Write out the full listing exactly as given, minus the images.

### Data extract
== Segment start ==

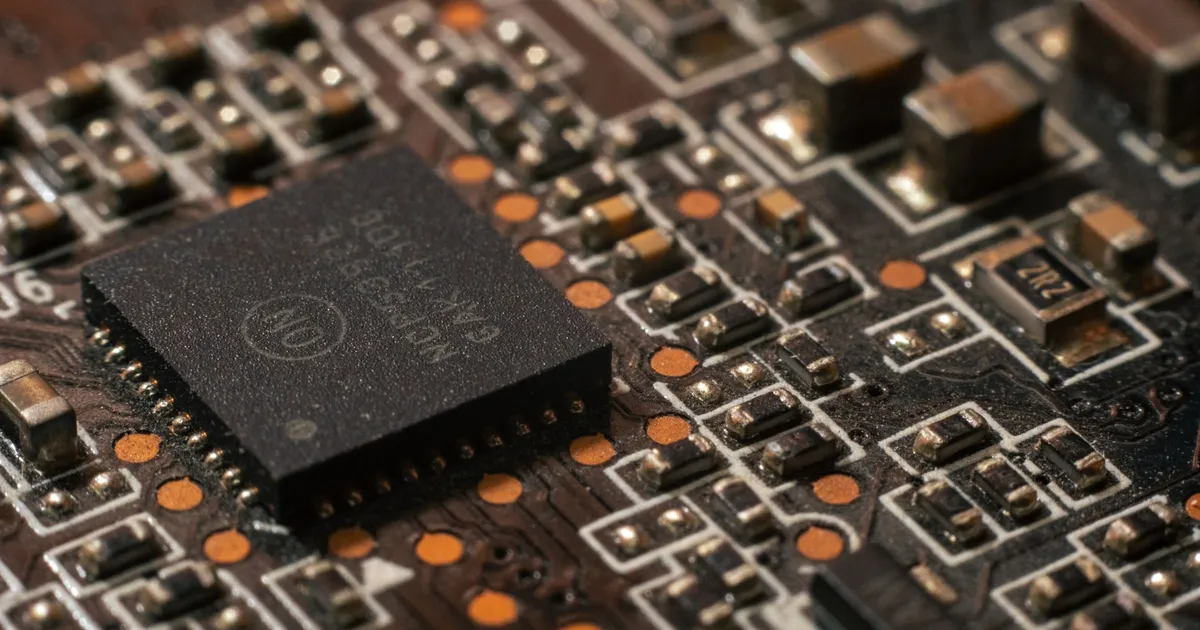 Placa de circuito Micron com componentes eletrônicos, impulsionando tecnologia e IA na Ásia.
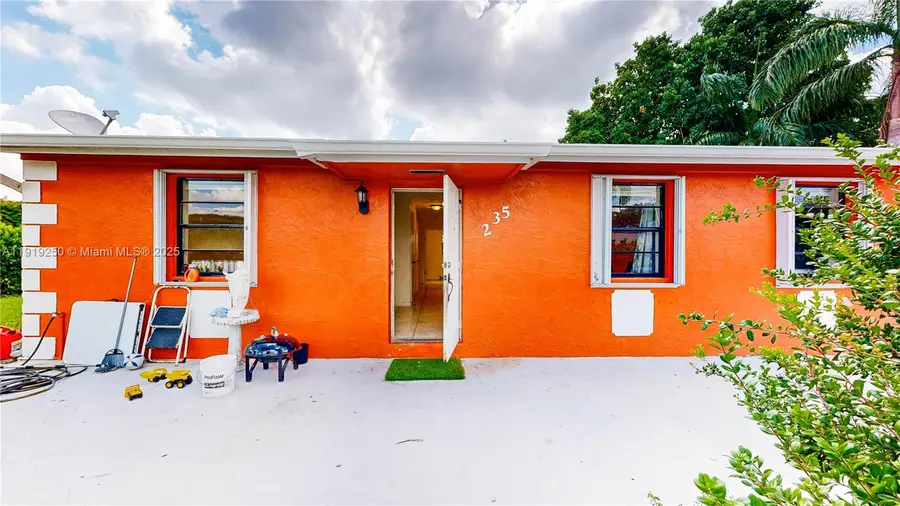 235 SW 16th Ter, Homestead, FL 33030 - Image #2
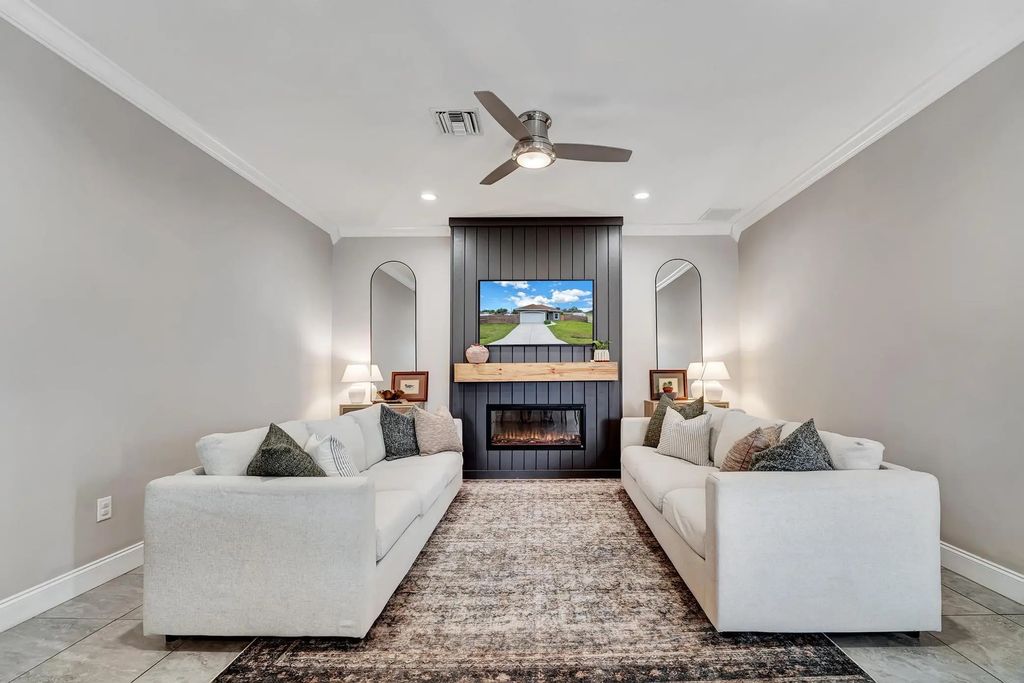 2001 Sw Aguero Street, Port St. Lucie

== Segment end ==

### Response area
 Placa de circuito Micron com componentes eletrônicos, impulsionando tecnologia e IA na Ásia.
 235 SW 16th Ter, Homestead, FL 33030 - Image #2
 2001 Sw Aguero Street, Port St. Lucie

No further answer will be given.